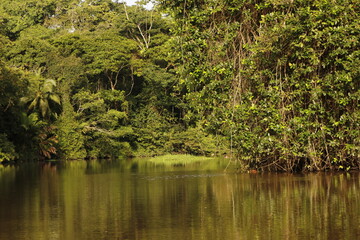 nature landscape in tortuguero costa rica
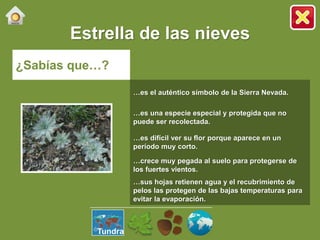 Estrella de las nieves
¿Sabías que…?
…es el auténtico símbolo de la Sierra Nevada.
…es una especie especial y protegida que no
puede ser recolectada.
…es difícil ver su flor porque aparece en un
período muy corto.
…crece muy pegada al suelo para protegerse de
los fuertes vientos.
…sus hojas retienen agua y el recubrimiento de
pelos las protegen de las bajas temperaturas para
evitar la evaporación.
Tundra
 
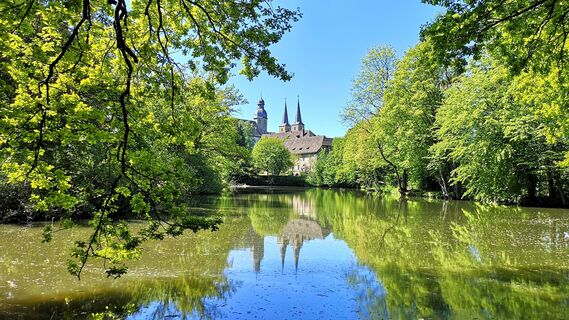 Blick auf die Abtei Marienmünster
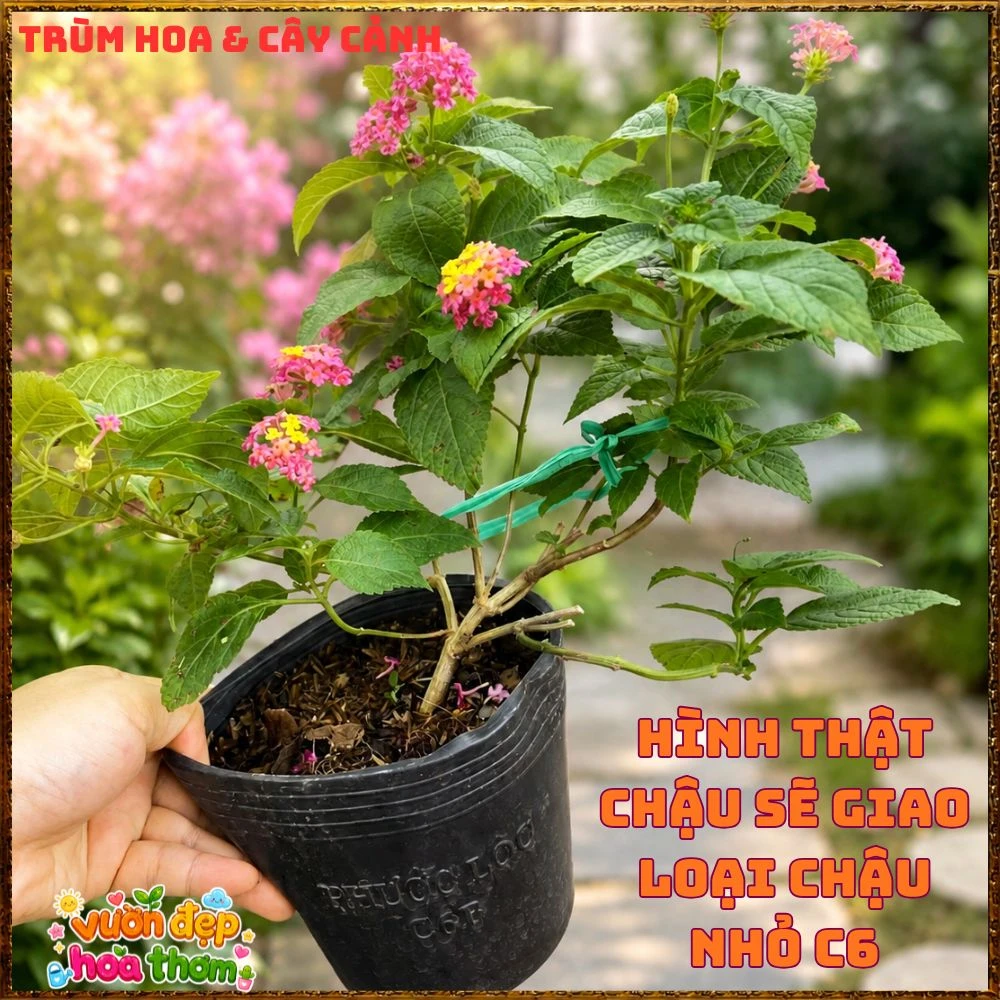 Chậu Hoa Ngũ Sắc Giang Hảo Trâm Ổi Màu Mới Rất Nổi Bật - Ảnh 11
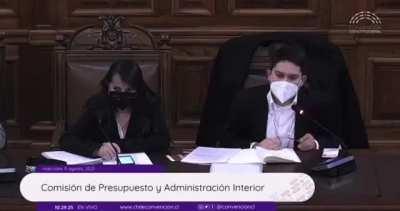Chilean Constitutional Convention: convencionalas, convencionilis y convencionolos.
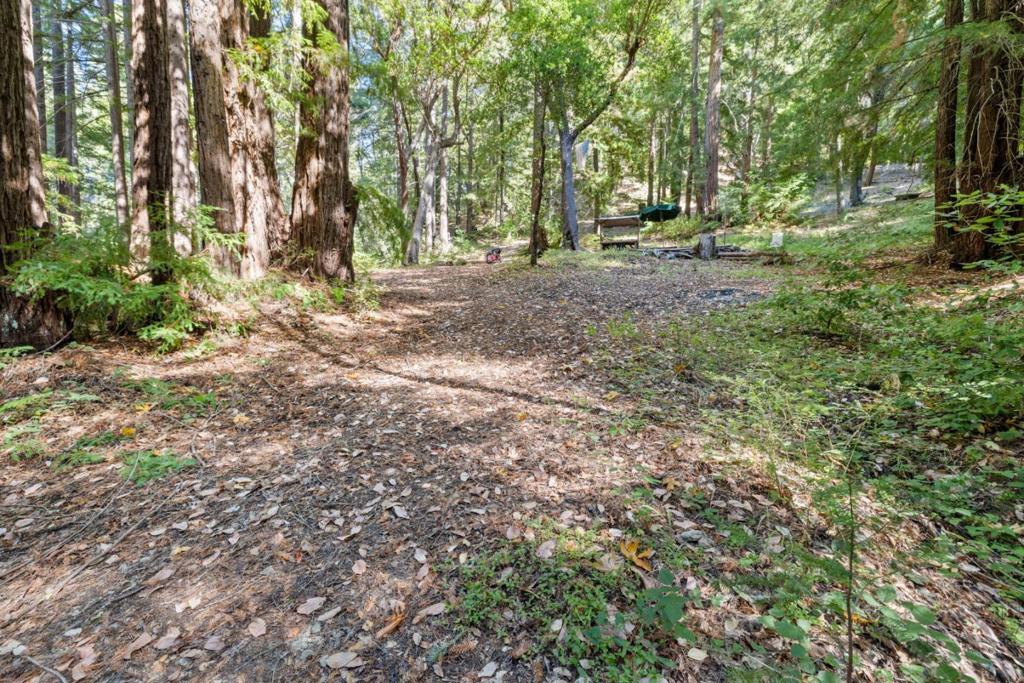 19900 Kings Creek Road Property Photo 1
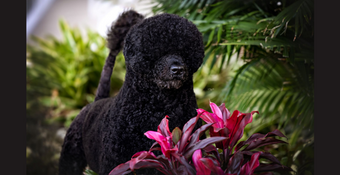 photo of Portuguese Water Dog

----

**TASK**
Identify each line in the records above that contains the word "para", and copy it out in full.

**TASK ANSWER**
…crece muy pegada al suelo para protegerse de
pelos las protegen de las bajas temperaturas para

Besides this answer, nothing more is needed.